What we also saw, from the small and medium-sized businesses surveyed across the country, was a clear vision for the role of the office in the future – as a focus for team building, strategy days and vital innovation planning. The power of communities and the wider networks they provide, was seen as essential to fostering knowledge-sharing, collaboration and innovation.
The vast majority of businesses who responded to our Revolution of Work survey, said they planned to adopt hybrid working models, with only 5 per cent expecting to work entirely from an office in the future.
But 70 per cent of those companies surveyed said remote working had a negative impact on brainstorming sessions and 83 per cent on those valuable “water cooler” conversations, when ideas are shared and new relationships formed, which can be the key to network expansion and business growth.
Business owners in our region and across the country will be even more focused on the social and networking benefits of future office space and will prioritise workplaces which are designed to create the best environments to deliver collaborative working and shared ideas.
Anna Leach, CBI Deputy Chief Economist, commented: “Employers have considered the positives and challenges which have arisen during remote working and compared them with the potential benefits offered by offices and workplaces. While remote working has enabled workers to manage their work more flexibly, it has made innovation more challenging.”
Tech-enabled hubs and business communities, which are the catalyst for collaboration between entrepreneurs and leading academics, are becoming increasingly important as businesses seek to optimise their innovation, scale fast and generate products and services which deliver real impact.
They can cater for firms at any stage of growth. Whether they are spinouts, start-ups, high-growth companies, or established industry leaders. A culture of collaborative working is at the core of these hubs and the communities and wider networks they create and nurture.

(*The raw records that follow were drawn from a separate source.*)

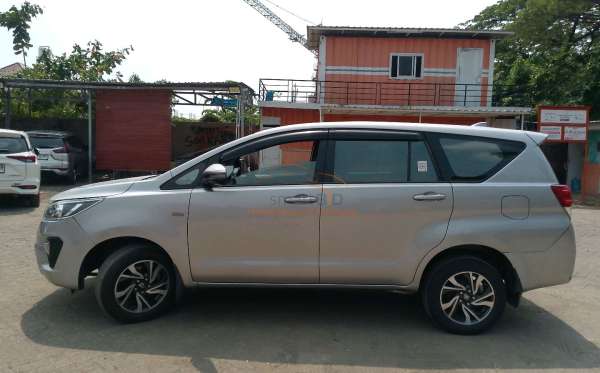 TOYOTA INNOVA G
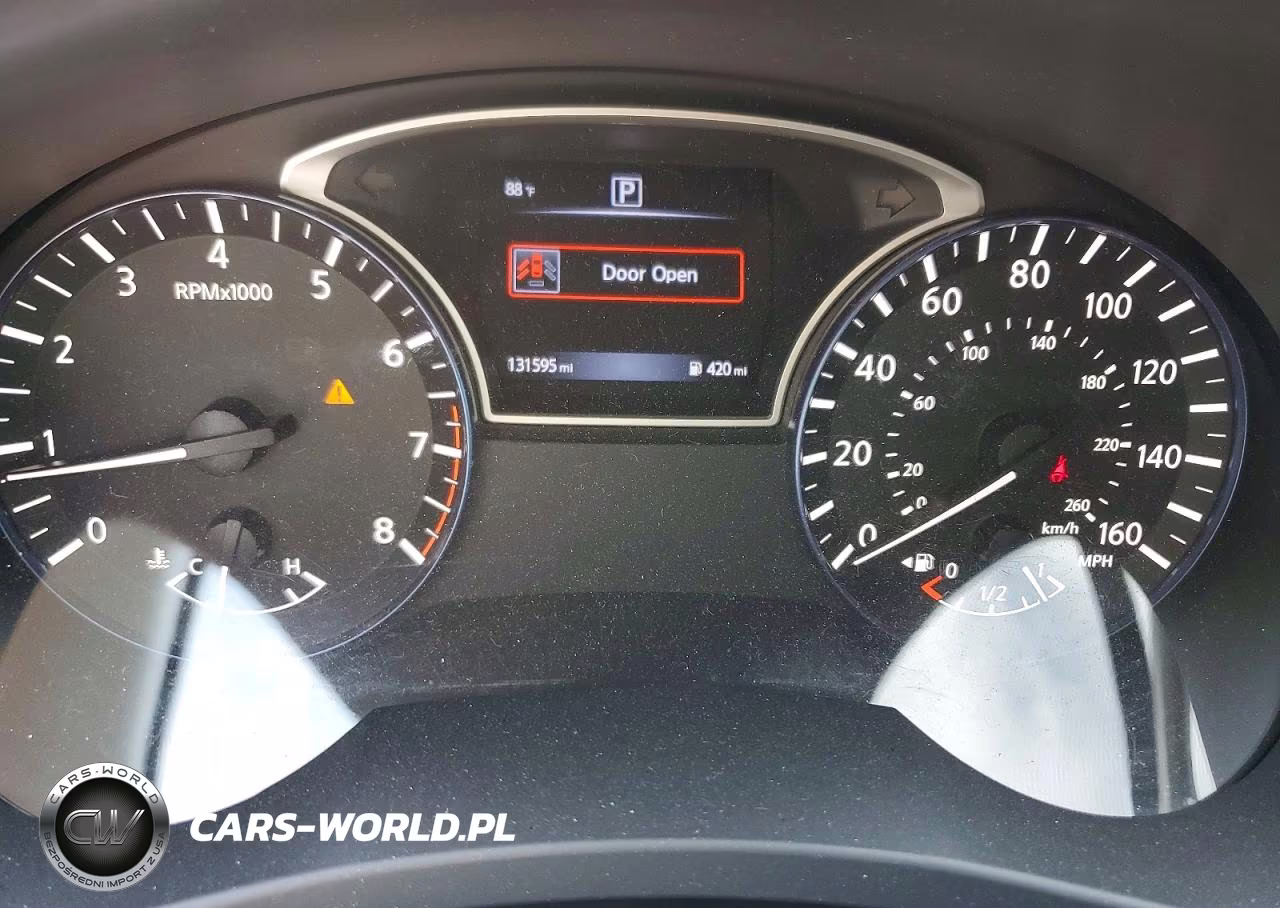 2017 Nissan Altima 2.5 Sr VIN:1N4AL3AP4HC138861 - 9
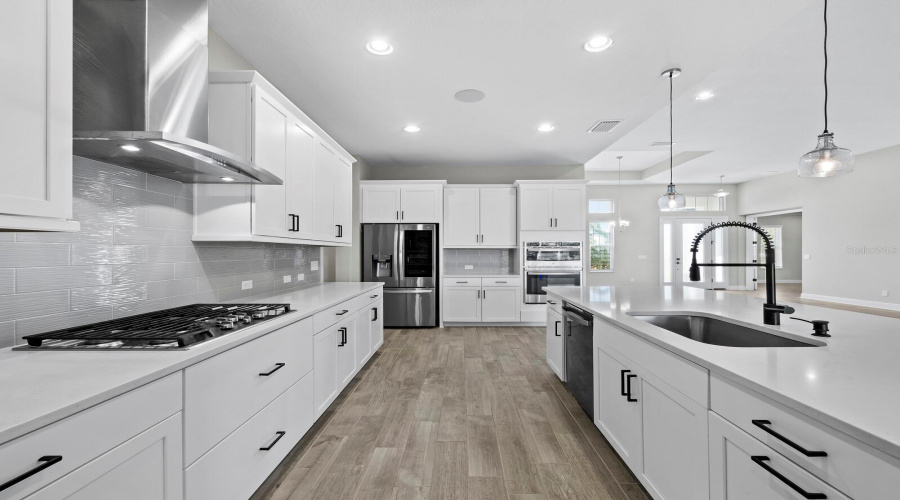 Sarasota, Florida 34241, 4 Bedroom Bedrooms, ,3 Bathroombathrooms,Residential,For Sale,Lungo Lago,0,Mfra4690357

The Revolution of Work report found that 64 per cent of businesses thought that remote or hybrid working made it harder to expand their networks.
Established communities of like-minded businesses, with innovation at their core, are therefore becoming increasingly popular with businesses seeking to increase connectivity and tap into networks and resources nationally and internationally.
The report also revealed that some 93 per cent of businesses plan to adopt hybrid working models in the future, with employees working both in a physical workplace and from home.
Developed and connected innovation ecosystems will be increasingly essential to help those businesses capitalise on the very best support available.
That could be advice from seasoned entrepreneurs on the best way to acquire and retain customers, for example, or working with partner organisations on research and development. It could also be about access to the right skills and talent or tapping into a rich and abundant start-up support community. Working with universities can also open up major opportunities for early-stage businesses to work with world-leading experts.
The complexity of the emerging needs and challenges of society today, demand cross-disciplinary thinking and collaborative business communities play a fundamental role in creating the innovations which will help meet those challenges, deliver growth and increase our competitiveness on a global stage.